Tugas                          : Laporan Bacaan 14

 

Pendidikan Sastra

A. Pendahuluan

1. Latar Belakang

Belakangan ini sastra dianggap kurang penting dan kurang berperan dalam masyarakat Indonesia hari ini. Padahal Sastra Indonesia merupakan  unsur  bahasa yang terdapat di dalam bahasa Indonesia, berdasarkan  garis besarnya sastra berarti  bahasa yang indah atau tertata dengan baik dan gaya penyajiannya menarik, sehingga berkesan di hati pembacanya. Namun sering kali kita tidak mengerti apa yang di maksud dengan sastra, kebanyakan orang menyamakan antara sastra dan bahasa.
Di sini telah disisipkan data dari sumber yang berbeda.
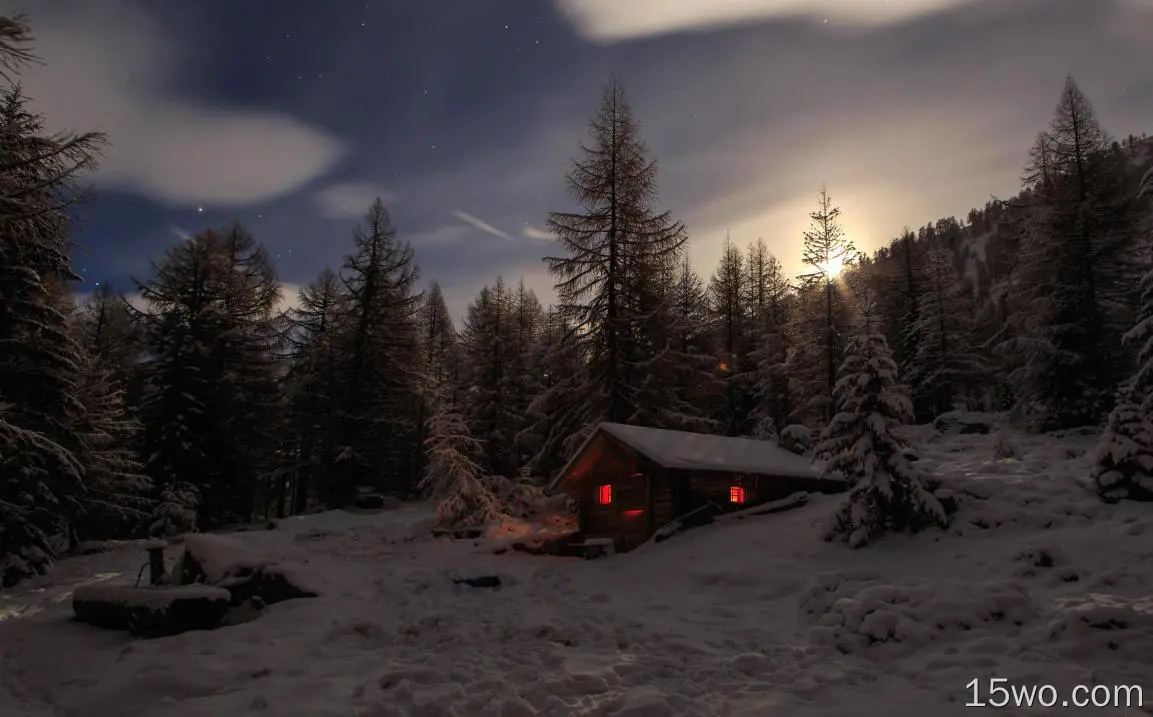 摄影 冬季 夜晚 Snow 树 木屋 光 高清壁纸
Hal ini terjadi karena masyarakat kita saat ini sedang mengarah ke masyarakat industri sehingga konsep-konsep yang berkaitan dengan sains, teknologi, dan kebutuhan fisik dianggap lebih penting dan mendesak untuk digapai daripada untuk mengetahui konsep-konsep yang berkaitan dengan sastra dan kesustraan.

2. Rumusan Masalah

1.     Bagaimana pentingnya pembelajaran sastra

2.      Bagaimana  realitas Sastra Indonesia dalam masyarakat Indonesia pada masa kini

3.     Bagaimana pengajaran sastra di lingkup sekolah

3. Tujuan

1.     Untuk mengetahui pentingnya pembelajaran sasta

2.     Untuk mengetahui realitas Sastra Indonesia dalam masyarakat Indonesia pada masa kini

3.     Untuk mengetahui pengajaran sastra di lingkup sekolah

 

B. Pembahasan

Pengajaran bahasa dan sastra Indonesia di berbagai jenjang pendidikan sering diaggap kurang penting oleh para guru, apalagi pada guru yang pengetahuan dan apresiasi sastranya rendah. Hal ini menyebabkan mata pelajaran yang idealnya menarik dan besar sekali manfaatnya bagi para siswa ini disajikan hanya sekedar memenuhi tuntutan kurikulum dan cenderung kurang mendapat tempat di hati siswa. Bila kita kaji secara mendalam, tujuan pengajaran bahasa dan sastra Indonesia di sekolah dimaksudkan untuk menumbuhkan keterampilan, rasa cinta, dan penghargaan para siswa terhadap bahasa dan sastra Indonesia sebagai bagian dari budaya warisan leluhur.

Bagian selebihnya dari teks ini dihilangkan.